Melarang Mahar Politik dan Jual Beli Suara dalam Pemilu Menyelamatkan dari Laknat Allah dan Uang Haram

Kajian Jumat Oleh : Amri Zakar Mangkuto Malin, SH, M. Kn

السَّلاَمُ عَلَيْكُمْ وَرَحْمَةُ اللهِ وَبَرَكَاتُهُ
إِنَّ الْحَمْدَ لِلَّهِ نَحْمَدُهُ وَنَسْتَعِيْنُهُ وَنَسْتَغْفِرُهُ وَنَعُوذُ بِاللهِ مِنْ شُرُوْرِ أَنْفُسِنَا وَمِنْ سَيِّئَاتِ أَعْمَالِنَا، مَنْ يَهْدِهِ اللهُ فَلاَ مُضِلَّ لَهُ وَمَنْ يُضْلِلْه ُ فَلاَ هَادِيَ لَهُ. أَشْهَدُ أَنْ لاَ إِلَهَ إِلاَّ اللهُ وَحْدَهُ لاَ شَرِيْكَ لَهُ وَأَشْهَدُ أَنَّ مُحَمَّدًا عَبْدُهُ وَرَسُوْلُهُ.
اَللَّهُمَّ صَلِّ عَلَى سيدنا مُحَمَّدٍ وَعَلَى آلِهِ وَصَحْبِهِ وَمَنْ تَبِعَهُمْ بِإِحْسَانٍ إِلَى يَوْمِ الدِّيْنِ. اما بعـد
قال الله تعالى: اَعُوْذُ بِاللهِ مِنَ الشَّيْطَانِ الرَّجِيْمِ. يَا أَيُّهاَ الَّذِيْنَ ءَامَنُوا اتَّقُوا اللهَ حَقَّ تُقَاتِهِ وَلاَ تَمُوْتُنَّ إِلاَّ وَأَنتُمْ مُّسْلِمُوْنَ.
يَا أَيُّهَا الَّذِيْنَ ءَامَنُوا اتَّقُوا اللهَ وَقُوْلُوْا قَوْلاً سَدِيْدًا. يُصْلِحْ لَكُمْ أَعْمَالَكُمْ وَيَغْفِرْ لَكُمْ ذُنُوْبَكُمْ وَمَنْ يُطِعِ اللهَ وَرَسُوْلَهُ فَقَدْ فَازَ فَوْزًا عَظِيْمًا.

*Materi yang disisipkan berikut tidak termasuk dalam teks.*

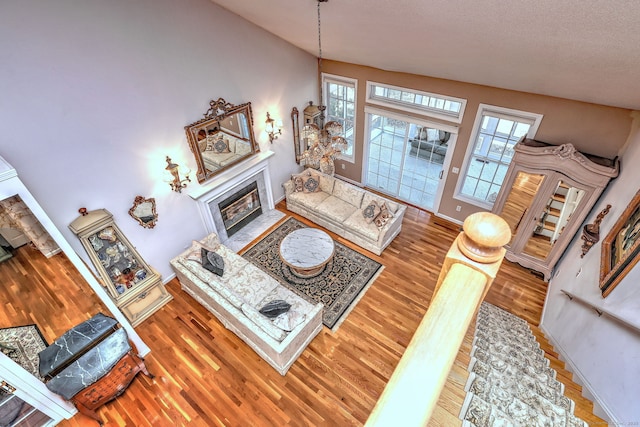 living area with baseboards, a tiled fireplace, and wood finished floors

Pembaca Top Sumbar yang berbahagia.

Marilah kita bersyukur kepada Alloh SWT dan selawat kepada Nabi Tercinta Muhammad SAW semoga kita termasuk orang yang mendapatkan syafaat dan pertolongan di saat orang tua tak dapat menolong anak dan sebaliknya, suami tak dapat menolong istri dan sebaliknya, mamak tidak bisa menolong kemenakan, atasan tidak bisa menolong bawahan, yang berpangkat dan berkuasa tidak dapat lagi memanfaatkan jabatan dan kekuasaan untuk memudahkan keinginannya.

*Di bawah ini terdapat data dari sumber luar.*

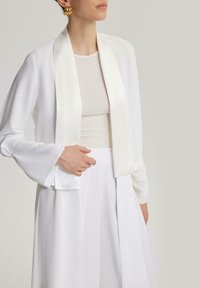 Bela dolga jakna z dolgimi rokavi in odprtim sprednjim delom, svilen material, široki ravni rokavi in gladka tekstura, usklajena z oprijetim belim topom.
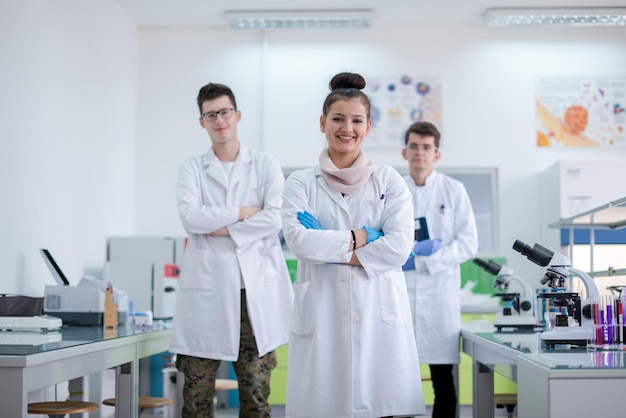 portrait of a group young medical students standing together in chemistry laboratory,teamwork by college student indoors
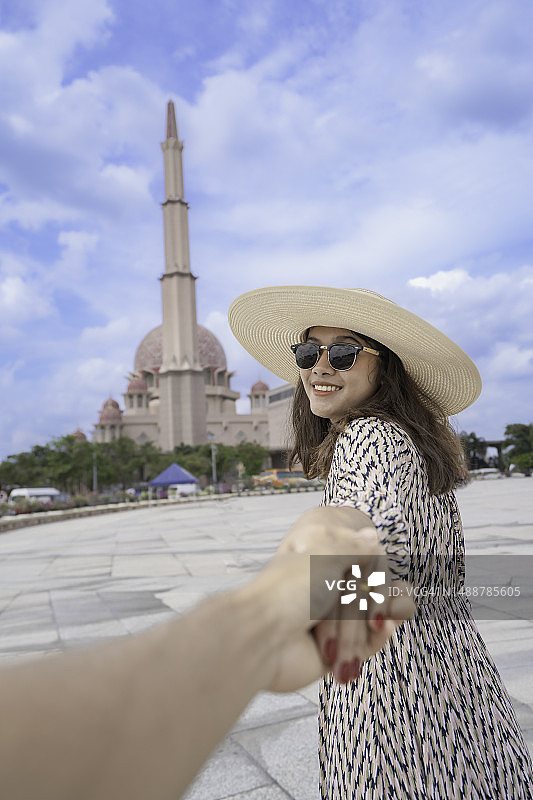 在马来西亚吉隆坡联邦直辖区清真寺外，女人抱着男友对着镜头微笑图片素材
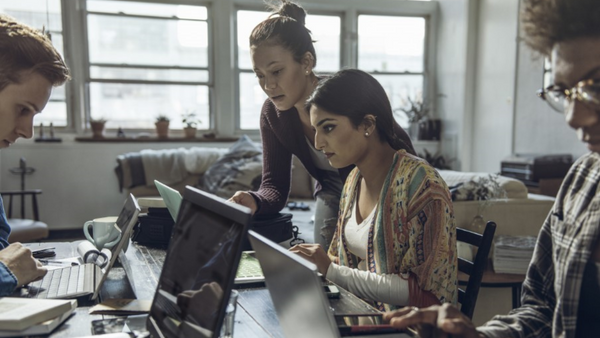 Four people are gathered around a table working on laptops and tablets in a well-lit room. One person is standing, pointing at a screen while the others sit and focus on their devices, suggesting a collaborative work environment.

Maka saat itu setiap manusia akan MENGEMIS SYAFAAT DARI NABI MUHAMMAD SAW, tetapi apa daya NABI SUDAH MEMPUNYAI CATATAN siapa yang akan diberi syafaat, karena PEMESANAN SYAFAAT ketika hidup di dunia BUKAN ketika hidup di ahirat.

Pada kajian ini kita akan membahas tentang MAHAR POLITIK yaitu mahar atas ijab qobul menjadi Calon Legislatif (Caleg) termasuk Mahar Calon Kepala Pemerintahan mulai dari Kepala Desa, Kepala Kecamatan, Kepada daerah Tingkat I dan Tingkat II serta Calon Presiden dan wakil presiden serta mahar calon pejabat lainnya, pentingnya ini kita bahas sebab antara PEMBERI DAN PENERIMA STATUSNYA SAMA-SAMA TERLAKANAT DISISI AllOH SWT.

MAHAR POLITIK DAN PEMBERIAN UANG DARI CALEG KEPADA PEMILIH TERMASUK SUAP DAN SOGOKAN

PETUGAS PEMILU YANG MENERIMA UANG DARI CALEG

Petugas pemilu tersebut tentu berbagai lembaga terkait seperti KPU, Bawaslu, PPK dstnya yang menyelenggarakan Pemilu, apakah ada menerima uang dari peserta kontestasi pemilu seperti dari Caleg dan partai Politik untuk tujuan memenangkan calon tertentu?

Maka ingatlah hadist Rasululah SAW bahwa uang tersebut termasuk uang RIBA/ HARAM untuk dimiliki apalagi dijadikan makan dan minuman.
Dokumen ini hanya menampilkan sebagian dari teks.